Every property owner is responsible for ensuring that water is discharged from their property correctly and does not affect adjoining owners. Inadequate or damaged drainage can cause issues such as damage to buildings, undermining foundations or landslip, which may result in costly repairs or legal action from affected persons.
Council have no legislative power to require a person to maintain or install stormwater systems to existing buildings or install drainage to landscaping. Liability arising out of the flow of water is an offence under the Water Act 1989 - Section 16, if your neighbour's water drainage is causing issues to your property, you should first talk with your neighbor and try to reach a mutually suitable solution. If this does not work, you can contact the Dispute Settlement Centre for a non-legal mediation service, or take legal action through a solicitor.
If you are concerned about the stormwater drainage system in any area or find a pit or drain that needs inspection or maintenance you can lodge a request for our staff to investigate and program the required treatment of the issue.
- Make sure you check our diagram of responsibilities.
Log a request:
We're updating the information on flood-prone properties and areas. We encourage you to register your property if it has experienced significant flooding. This helps us progress stormwater investigations and drainage projects.
Regular customer requests received include: Blocked pits and pipes; broken pits and pipes; undersized pipes; pipe intrusions (tree roots, utility services and resident tampering); poor earthworks practice (e.g. directing surface flows to house) and; property in low-lying area.

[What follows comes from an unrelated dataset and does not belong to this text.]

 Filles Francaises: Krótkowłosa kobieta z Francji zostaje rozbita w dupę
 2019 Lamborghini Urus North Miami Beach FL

If you observe stormwater is entering from a neighbouring property, in the first instance speak to your neighbour. They may not be aware of the issues their property may be causing. If agreement cannot be reached, consider contacting the Dispute Settlement Centre of Victoria:
All properties owners have legal obligations to capture, collect and dispose of stormwater from all hard surfaces, through underground pipes to the City nominated Legal Point of Discharge so as not cause a nuisance to adjoining property owners. See Water Act.
In general, your neighbour is responsible for controlling stormwater runoff from their property. Water flowing from hard surfaces, such as paving or roofing, should be collected and discharged in an approved manner. Your neighbour is not responsible for controlling stormwater runoff from natural surfaces, such as grassed or treed areas. Any excess stormwater water caused due to significant landscaping works must also be controlled.

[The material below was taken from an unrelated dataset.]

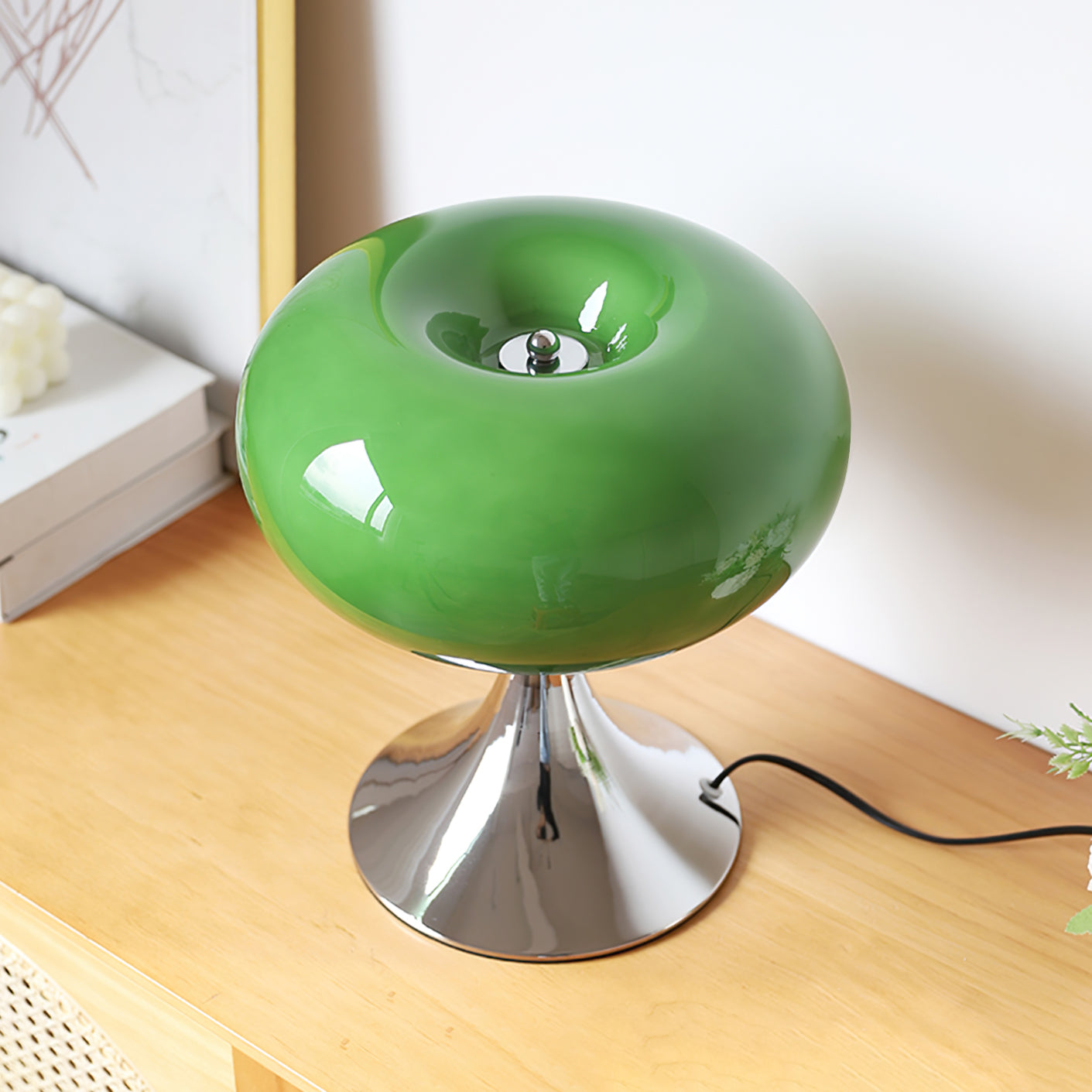 Lampe Contemporaine en Verre et Métal - Design Unique et Éclairage LED Économe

Problems with overland stormwater flow between neighbouring properties are a civil matter to be resolved between the respective owners. City has no legislative powers to intervene. More information on how to address this issue at: https://www.vcat.vic.gov.au/case-types/unreasonable-flow-of-water-between-properties
If you believe the City’s stormwater drainage system has caused the problem, please report to the City for an investigation after the event.
Water being blocked/diverted upstream away from my dam” – This is a private matter between property owners. The City recommends speaking with your neighbour in the first instance to attempt to reach a resolution. If a resolution cannot be reached consider contacting the Dispute Settlement Centre of Victoria:
Further reading: WATER ACT 1989 - SECT 80 Power to give directions concerning dams.

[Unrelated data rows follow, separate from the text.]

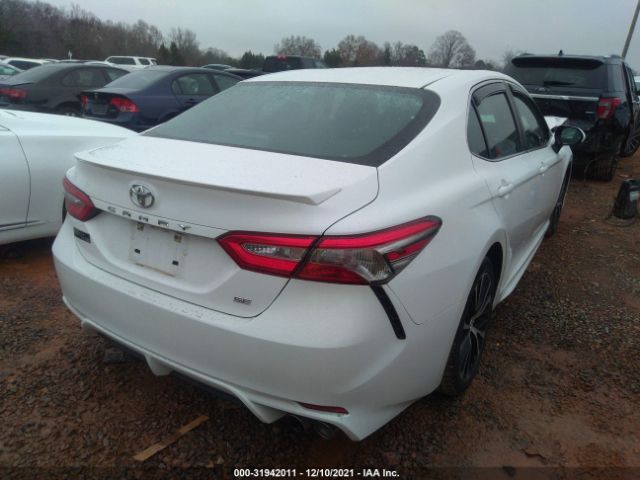 Photo 3 VIN: 4T1B11HK2JU091232 - TOYOTA CAMRY 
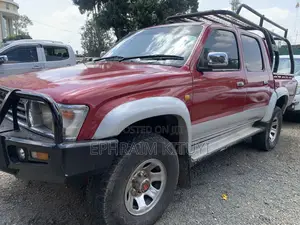 Toyota Hilux 1998 Red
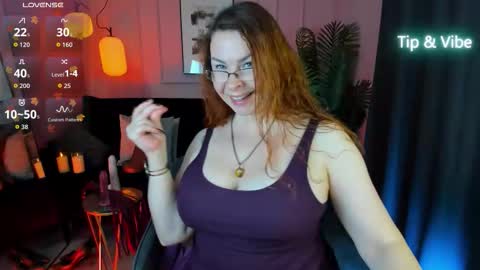 Snapshot of mrs_ingrid chatting on 09.11.25 Ingrid online show from 09.11.25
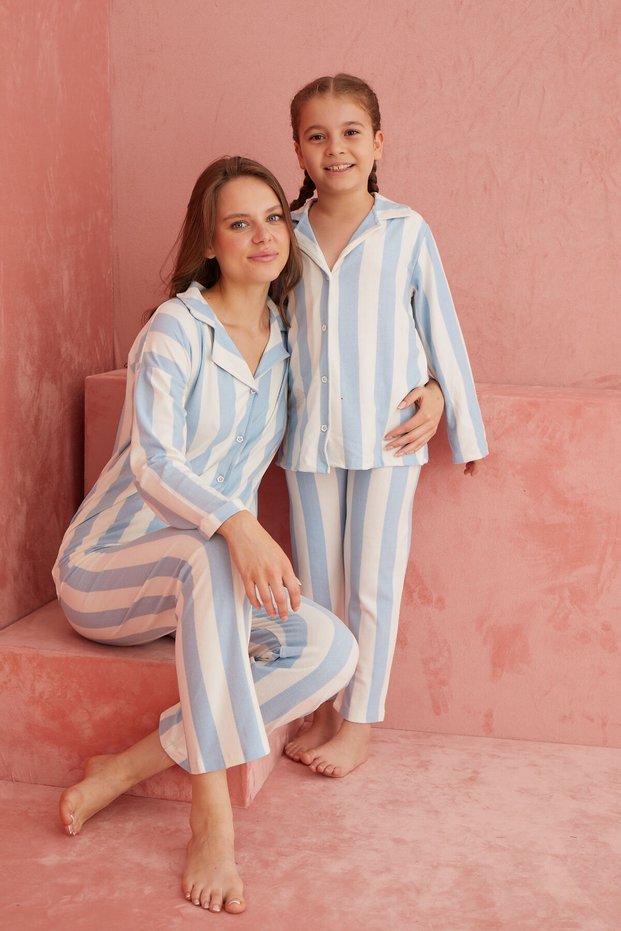 Ecru-Blue Striped Patterned Front Buttoned Suede Pajama Set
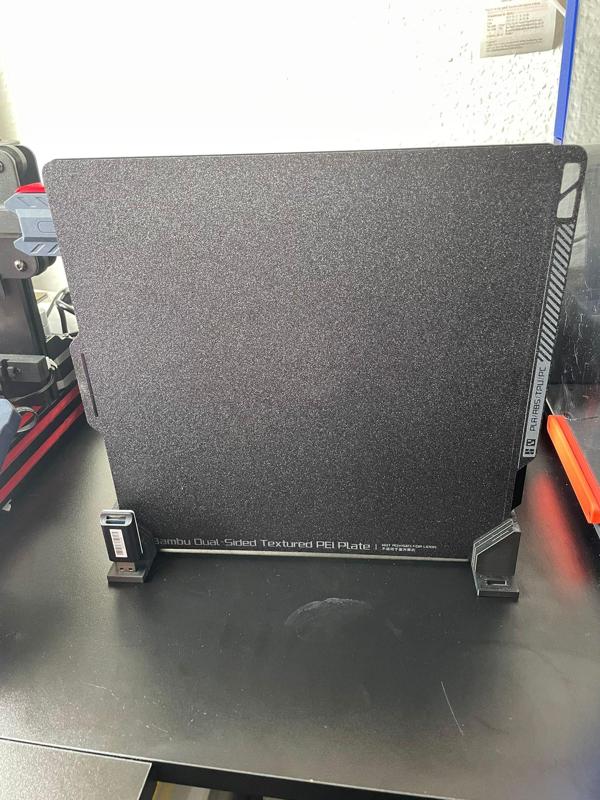 Buildplate holder with USB and SD-card slot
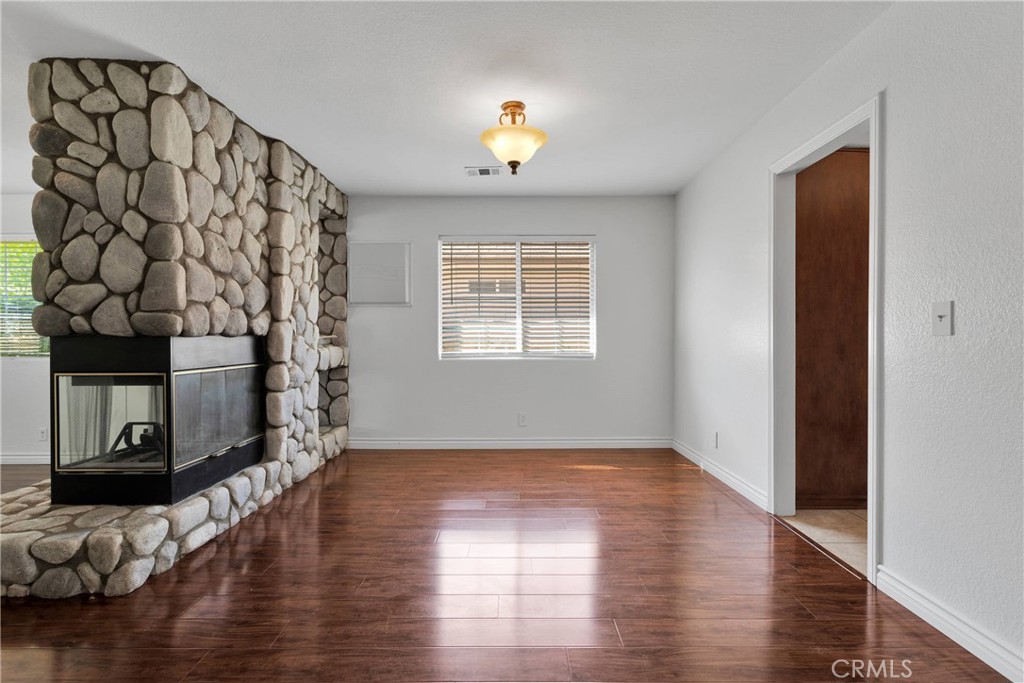 15118 Orchard Hill Lane Property Photo 7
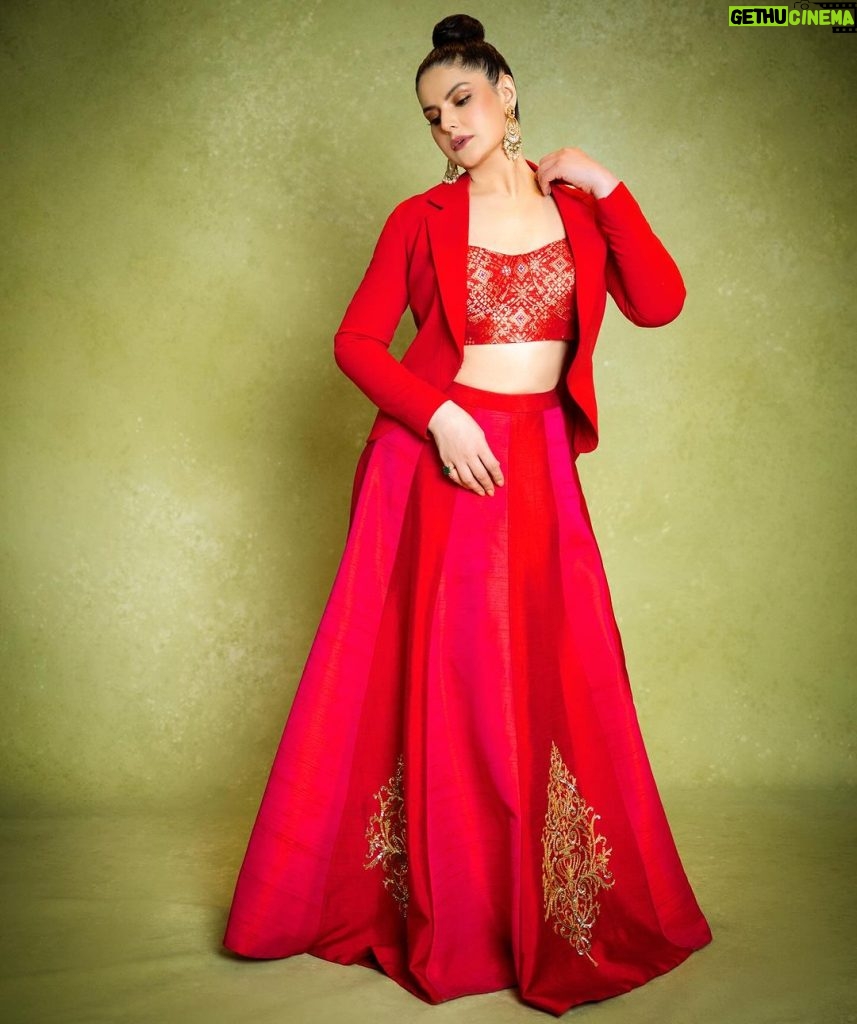 Zareen Khan Instagram - “𝕾𝖍𝖊 𝖚𝖓𝖑𝖊𝖆𝖘𝖍𝖊𝖉 𝖍𝖊𝖗 𝖎𝖓𝖓𝖊𝖗 𝖌𝖔𝖉𝖉𝖊𝖘𝖘 & 𝖇𝖊𝖈𝖆𝖒𝖊 𝖙𝖍𝖊 𝖜𝖔𝖒𝖆𝖓 𝖍𝖊𝖗 𝖘𝖔𝖚𝖑 𝖐𝖓𝖊𝖜 𝖘𝖍𝖊 𝖈𝖔𝖚𝖑𝖉 𝖇𝖊.” - ᴍɪᴄʜᴇʟʟᴇ ꜱᴄʜᴀꜰᴇʀ. Outfit - @richaranawat @style__inn Jewellery - @gehnajewellers1 HMU - @harryrajput64 Styled by - Me 💁🏻‍♀ 📸 - @theabhivalera #Filmfare #FilmfareAwards2024 #ZareenKhan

If your property is listed as flood prone then it is expected that during heavy rainfall you can be affected by flood waters.
Planning and floodplain management authorities are responsible for identifying properties that may be subject to flooding from a 1% AEP flood event. Properties that have been identified as being flood prone may be included in a ‘flooding’ overlay in the planning scheme.
An overlay is a map in a planning scheme that shows the location and extent of special features, such as where land may be subject to flooding. In the case of flooding, overlays are an important way to manage development in order to minimise the effects of overland flows and flooding on new buildings and ensure new development does not adversely affect other existing properties. If your property is affected by flooding, new development must be designed so that new buildings are protected from a 1% AEP flood event. In addition, development must not increase flood risk or hazards to people and neighbouring properties.
The legal point of discharge is a point either within the allotment or at the allotment boundary specified by City where stormwater from a property must be discharged. This point must then be properly connected to City infrastructure (typically a stormwater drain or a drain in an easement where available, or street kerb and channel).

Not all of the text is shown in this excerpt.